Reputation: 35
Consider the following toy model:
class MyModel(keras.Model):
def __init__(self, **kwargs):
super(MyModel, self).__init__(**kwargs)
self.square_layer = keras.layers.Dense(2)
self.cube_layer = keras.layers.Dense(2)
self.optimizer = tf.keras.optimizers.Adam()
@tf.function
def call(self, X):
return tf.stack([self.square_layer(X), self.cube_layer(X)], axis=-1)
@tf.function
def train_step(self, inputs, targets):
with tf.GradientTape() as tape:
predictions = self(inputs)
loss = tf.reduce_mean(tf.square(predictions - targets))
grads = tape.gradient(loss, self.trainable_weights)
self.optimizer.apply_gradients(zip(grads, self.trainable_weights))
return loss
If we train using the following 'train' function, and set 'self.cube_layer.trainable' as True or False, the result is as expected in both the cases:
def train(self, inputs, targets, num_epochs=5000):
self.cube_layer.trainable = False # True or False
self.compile(optimizer=self.optimizer)
for epoch in range(num_epochs):
loss = self.train_step(inputs, targets)
print("Loss: " +str(loss))
inputs = tf.constant([[1,2]], dtype=tf.float32)

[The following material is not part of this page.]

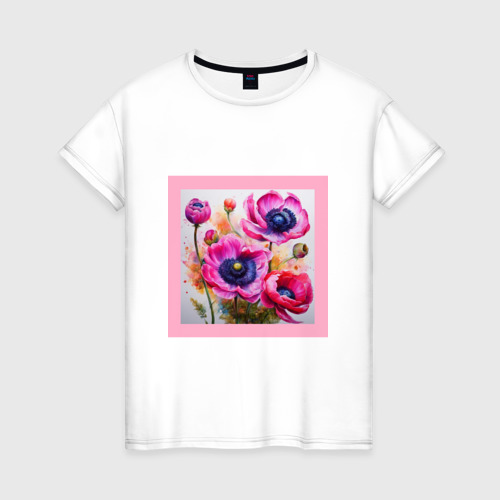 Женская футболка из хлопка с принтом Цветы розовые анемоны, вид спереди №1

targets = tf.constant([[[3,6], [9,12]]], dtype=tf.float32)
model = MyModel()
model.train(inputs, targets)
print(model(inputs))
But, if we change the 'trainable' flag during training, the result is not as expected:
def train(self, inputs, targets, num_epochs=5000):
self.cube_layer.trainable = False
self.compile(optimizer=self.optimizer)
for epoch in range(num_epochs):
loss = self.train_step(inputs, targets)
self.cube_layer.trainable = True
self.compile(optimizer=self.optimizer)
for epoch in range(num_epochs):
loss = self.train_step(inputs, targets)
print("Loss: " +str(loss))
inputs = tf.constant([[1,2]], dtype=tf.float32)
targets = tf.constant([[[3,6], [9,12]]], dtype=tf.float32)
model = MyModel()
model.train(inputs, targets)
print(model(inputs))
In the above example, if we remove the '@tf.function' decorators from 'call' and 'train_step', the result is as expected ! So, I believe it has something to do with tf.function and tensorflow graph compilation. Is there a way we can use tf.function and set the 'trainable' attribute dynamically during training ? I am using tensorflow 2.9.1.
Upvotes: 0
Views: 1266
Reputation: 180
I found an other solution in the docs of base_layer.py. Its described in the setter for the trainable attribute:
@trainable.setter
def trainable(self, value):
"""Sets trainable attribute for the layer and its sublayers.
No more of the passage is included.